Elizabeth von Arnim, born Mary Annette Beauchamp, was an Australian-born British novelist. By marriage she became Gräfin (Countess) von Arnim-Schlagenthin, and by a second marriage, Countess Russell. Although known in her early life as Mary, "after the publication of her first book, she was known to her readers, eventually to her friends, and finally even to her family as Elizabeth." and she is now invariably referred to as Elizabeth von Arnim. She also wrote under the pen name Alice Cholmondeley.
She was born at her family's holiday home in Kirribilli Point in Australia. When she was three years old the family returned to England where she was raised. Her parents were Henry Herron Beauchamp (1825–1907), merchant, and her mother Elizabeth (Louey) Weiss Lassetter (1836–1919). Arnim had four brothers, a sister and a cousin from New Zealand, Kathleen Beauchamp, who later married John Middleton Murry and wrote under the pen name Katherine Mansfield.
In 1891 Elizabeth married Count Henning August von Arnim-Schlagenthin, a Prussian aristocrat, whom she had met during an Italian tour with her father. They married in London but lived in Berlin and eventually moved to the countryside where, in Nassenheide, Pomerania, the Arnims had their family estate. The couple had five children, four daughters and a son. The children's tutors at Nassenheide included E. M. Forster and Hugh Walpole.
Arnim would later refer to her domineering husband as the "Man of Wrath". Writing was her refuge from what turned out to be an incompatible marriage. Arnim's husband had increasing debts and was eventually sent to prison for fraud. This was when she created her pen name "Elizabeth" and launched her career as a writer by publishing her semi-autobiographical, the brooding yet satirical Elizabeth and her German Garden (1898). It would be such a success as to be reprinted twenty times in its first year. A bitter-sweet memoir and companion to it was The Solitary Summer, (1899) and The Benefactress (1902), Vera (1921) and Love (1925) were also semi-autobiographical.
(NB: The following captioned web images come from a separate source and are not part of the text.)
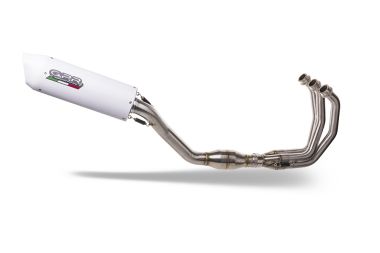 Escape compatible con Yamaha Tracer 9 2021-2024, Albus Evo4, Escape completo homologado y legal,con catalizador incluido db killer extraíble 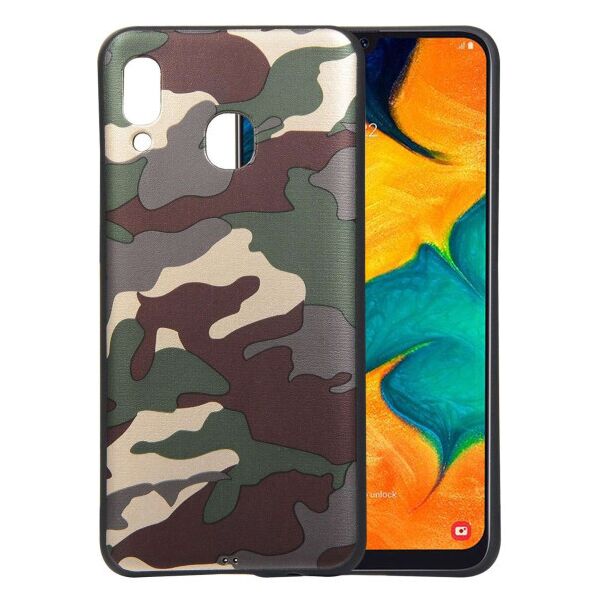 

TPU чехол камуфляж для Samsung Galaxy A20 / A30 (Зеленый)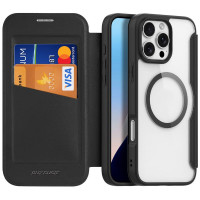 Чохол-книжка Dux Ducis Skin X Pro з Magnetic Fit для Apple iPhone 16 Pro Max (6.9') Black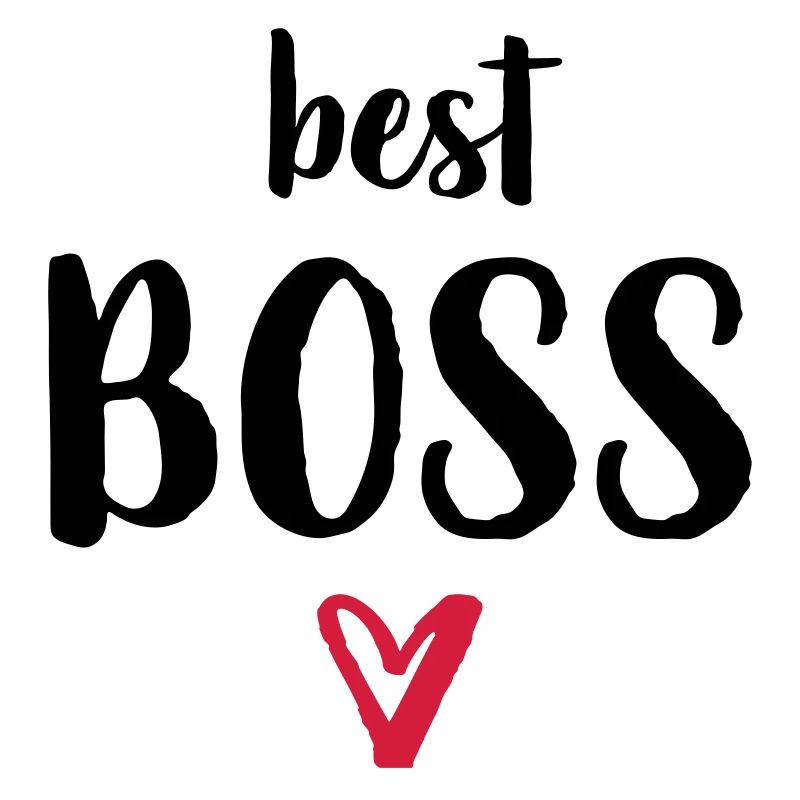 best Boss Herz Geschenk Chef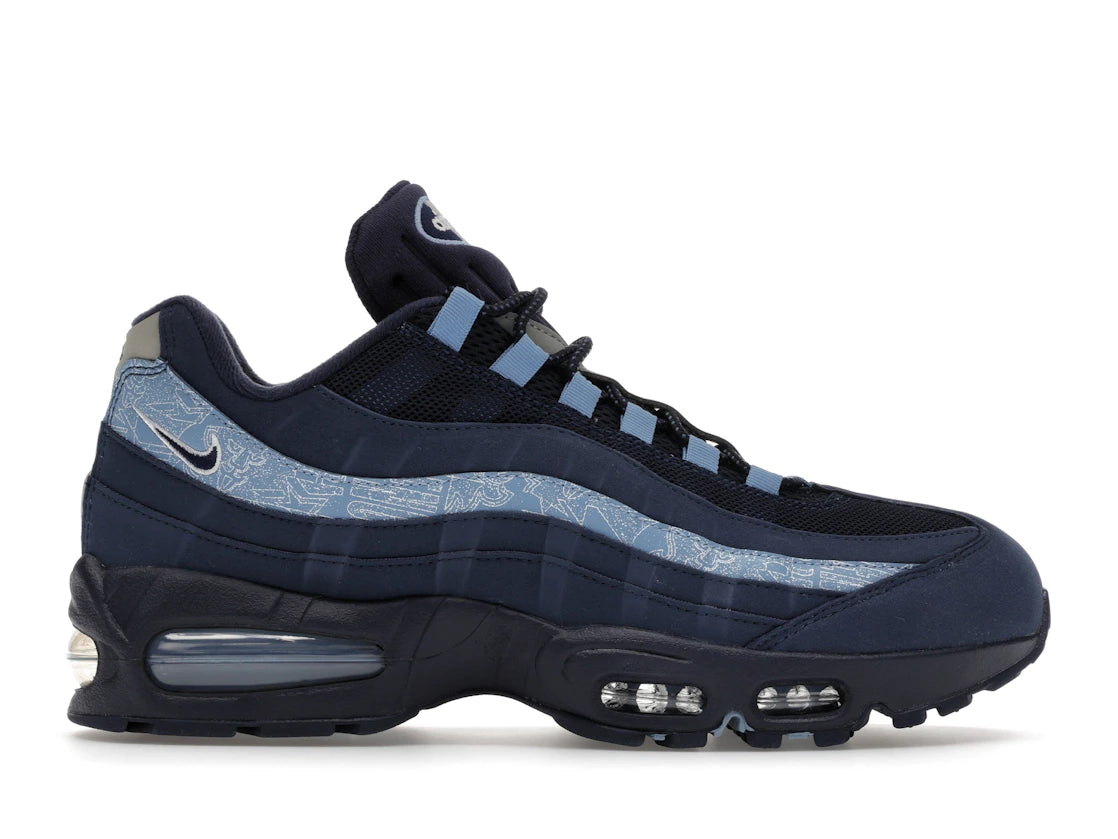 Nike Air Max 95 SE Big Bubble Obsidian Work Blue - IU2254-900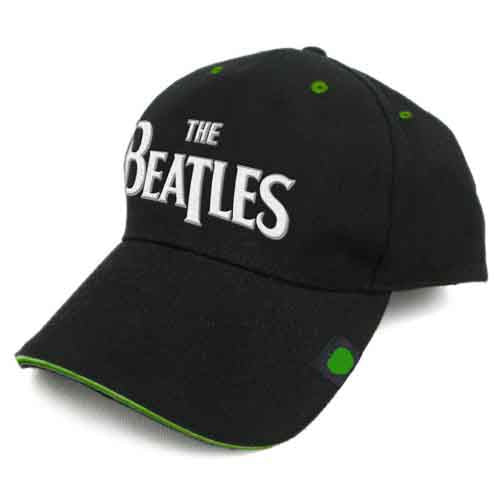 The Beatles | Drop T Logo - Hat Black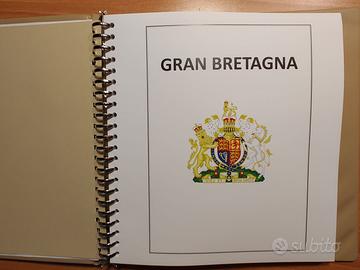 FOGLI ALBUM francobolli Gran Bretagna GB Inghilter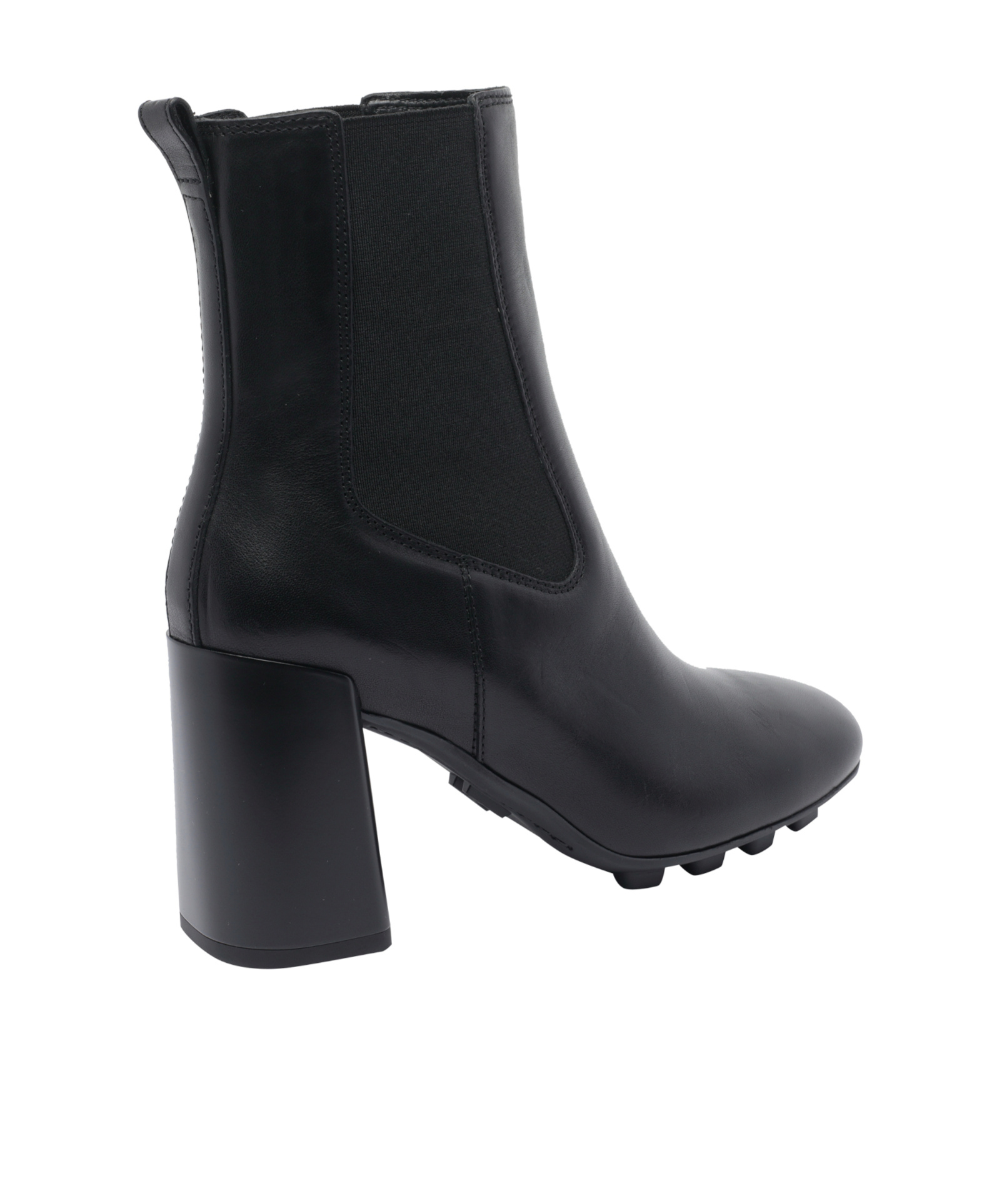 Hogan 90mm Elastic-panel Block-heel Boots In Brown
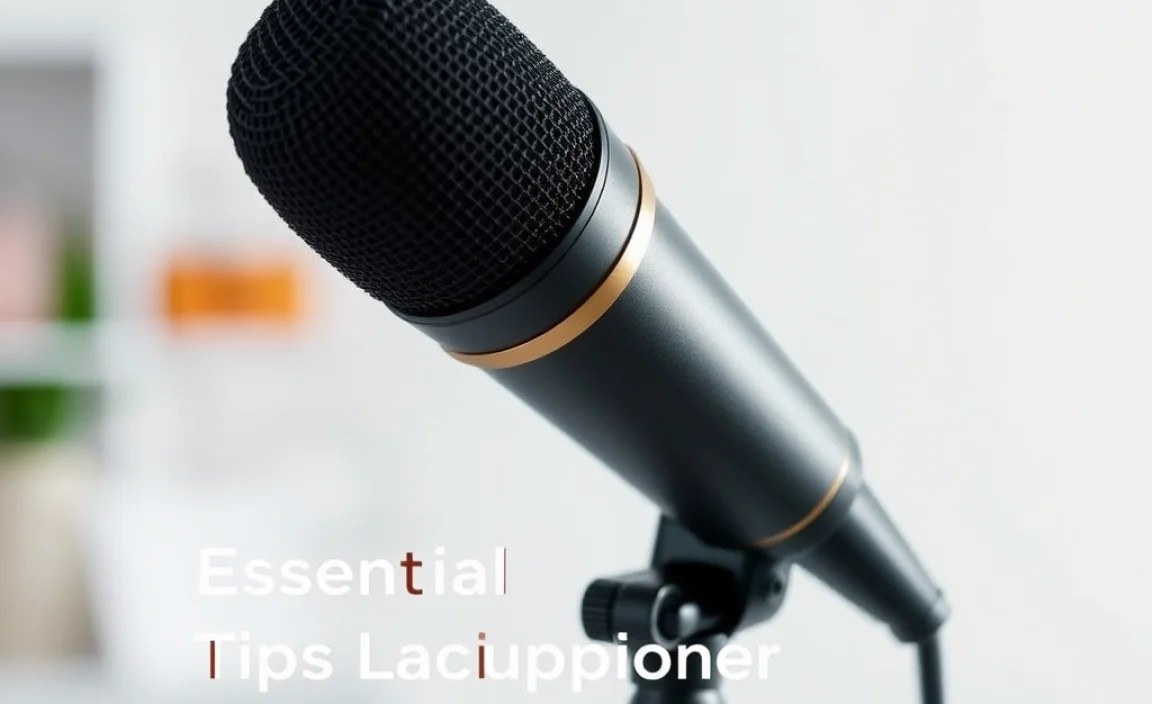 Essential Lavalier Microphone Tips for Great Audio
Other titles dealing with feminist protest and witty observations of life in provincial Germany were to follow, including The Princess Priscilla's Fortnight (1905) and Fraulein Schmidt and Mr Anstruther (1907). She would sign her next twenty or so books simply as written, "by the author of Elizabeth and Her German Garden" and later simply "By Elizabeth". In 1908 Arnim left Nassenheide to return to London.
Count von Arnim died in 1910, and in 1916 his widow married John Francis Stanley Russell, 2nd Earl Russell, elder brother of Bertrand Russell. The marriage ended in acrimony, with Elizabeth fleeing to the United States and the couple separating in 1919, though they never divorced. In 1920 she embarked on an affair with Alexander Stuart Frere Reeves (1892–1984), a British publisher nearly 30 years her junior; he later married and named his only daughter Elizabeth in her honour.